Accordingly, we reverse the dismissal of Washington’s complaint, and we remand the cause to the district court for further proceedings. We affirm the judgment as to the other plaintiffs.
Reversed and remanded.
. The complaint sought (1) a declaration that the defendants had abridged the plaintiffs’ right to freedom of speech; (2) ■ an injunction reinstating plaintiff Washington to a position at Washington School comparable to that which he had held prior to his demotion; and (3) $10,000 as compensatory and punitive damages.
In oral argument, plaintiffs’ counsel stressed the vindication of Washington’s rights at a judicial hearing and the recoupment of damages. Plaintiff Washington apparently no longer seeks reinstatement at Washington School. (According to the complaint, defendant School Board in July 1972 appointed someone to the vacant permanent principalship.)
. The memorandum provided in part:
“1. Bulletin to Parents 2/3/72
The bulletin approved by you insinuated that something unsavory was happening in District 89 which was attributable to the Board of Education.
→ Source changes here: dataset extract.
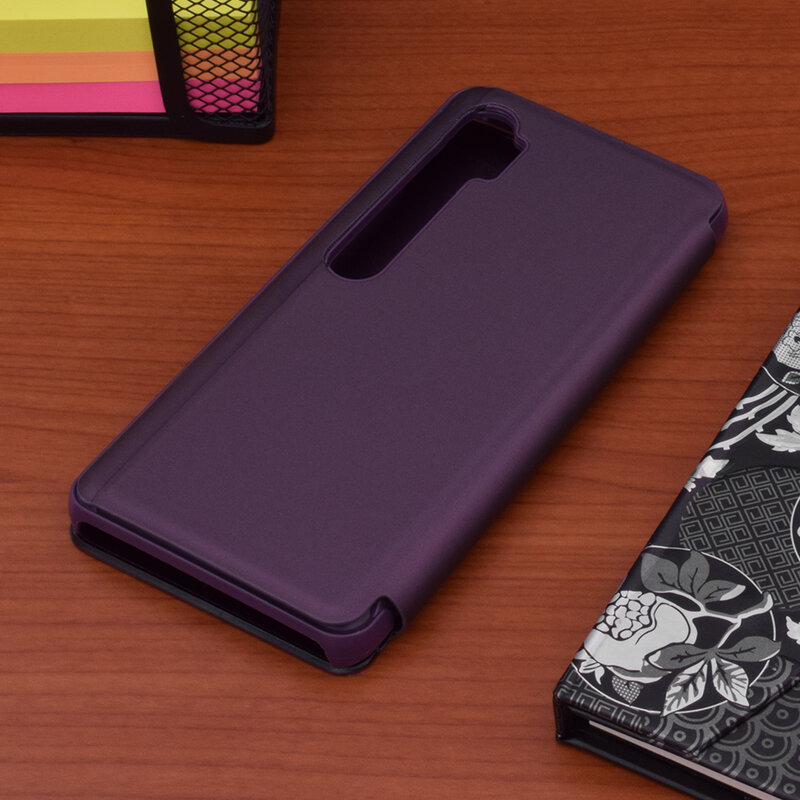 Husa Xiaomi Mi Note 10 Pro Flip Standing Cover - Purple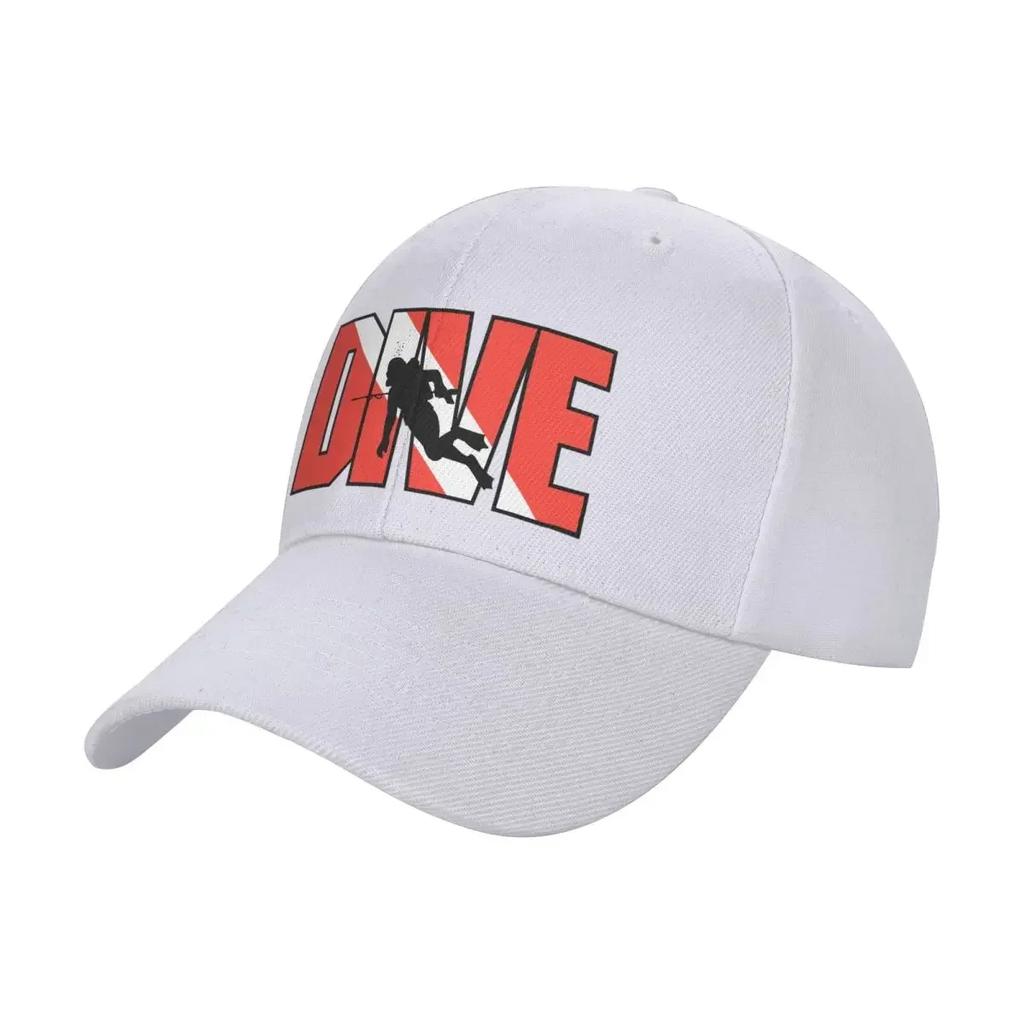 SCUBA Dive Baseball Cap Birthday Foam Party Hat Black Luxury Unisex Cap Elegant Womens Hats Unisexs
The bulletin seems to be scolding the Board of Education for refusing $200,000 in Federal Funds when in fact no funds had ever been scheduled for District 89. The bulletin suggests that the $6 book rental fee might be going astray when in fact you could have explained how the $6 was being used.
The bulletin contained many untruths and inaccuracies. It should never have been allowed to go home to parents because it berates the Superintendent and the Board of Education in a way that cannot be justified.
“2. Article in the Maywood Herald dated 2/10/72
This article was very critical of the Superintendent and the Board of Education. The article was written in such a way that the intent seems to be clear that the Superintendent and the Board have deliberately acted in a way which has hurt the boys and girls at Washington School.
Such action on your part cannot be construed as constructive criticism because your first responsibility is to exhaust all efforts through regular administrative channels and this was not done. It was quite apparent to many people that the intent was to castigate the Superintendent and the Board of Education for what must have been political motives.”
. The Supreme Court lias laid to rest the notion, that a public school employee’s lack of a contractual or tenure right to reemployment defeats the claim that the adverse action of which he complains violated his rights under the First and Fourteenth Amendments. Perry v. Sindermann, 408 U.S. 593, 597-599, 92 S.Ct. 2694, 33 L.Ed.2d 570 (1972). Plaintiff Washington, who was not promised the post of principal or acting principal beyond the 1971-72 academic year, does not maintain that he was denied procedural due process; rather, he asserts that he was reassigned for constitutionally impermissible reasons.